Ingram died at his home on 1 May 1907. His funeral was at TCD college chapel and his grave is at Mount Jerome. The Times in its obituary stated that ‘those who worked with Ingram in Trinity College were persuaded that he was the best educated man in Europe’, while the Irish Times stated that ‘in Dr Ingram, Ireland loses her ripest scholar and one of her most loveable and interesting personalities’ (obituary columns, 2 May 1907). He was an outstanding scholar at TCD in an era ‘in which the reputation of the college was higher than ever before or since’ (McDowell & Webb, 284). Among his last public statements on policy issues was a defence of the autonomy of TCD in January 1907.
Ingram married (1862) Madeline, daughter of James Johnston Clark, DL, of Largantogher, Maghera, Co. Londonderry. They had four sons: Francis Ernest (d. 1866), Thomas Dunbar (scholar of TCD 1890; d. 1892), William Alexander (m. (1895) Maud Alice Heygate and lived at Ballykelly, Co. Londonderry), and John Kells, who lived in South Africa. They had two daughters, Florence Beatrice (d. 1918) and Madeline Townley Balfour (d. 1955), whose former farm and residence at Townley Hall, Co. Louth housed the TCD school of agriculture as John Kells Ingram Farm from 1959 to 1968.

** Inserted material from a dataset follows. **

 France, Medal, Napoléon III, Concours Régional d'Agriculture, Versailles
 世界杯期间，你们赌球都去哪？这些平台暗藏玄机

John Kells Ingram lived at the rectory, Templecarne (1823–9), 35 Hill St., Newry (1829–37), and, in Dublin, at TCD (1837–62), 2 Wellington Road (1862–84), and 38 Upper Mount St. (1884–1907). Portraits by Sarah Purser (qv) are in the Common Room, TCD, and the RIA. Ingram's papers are at the PRONI. An Leabharlann (1909) carried a bibliography of his writings, prepared by T. W. Lyster (qv), librarian of the NLI.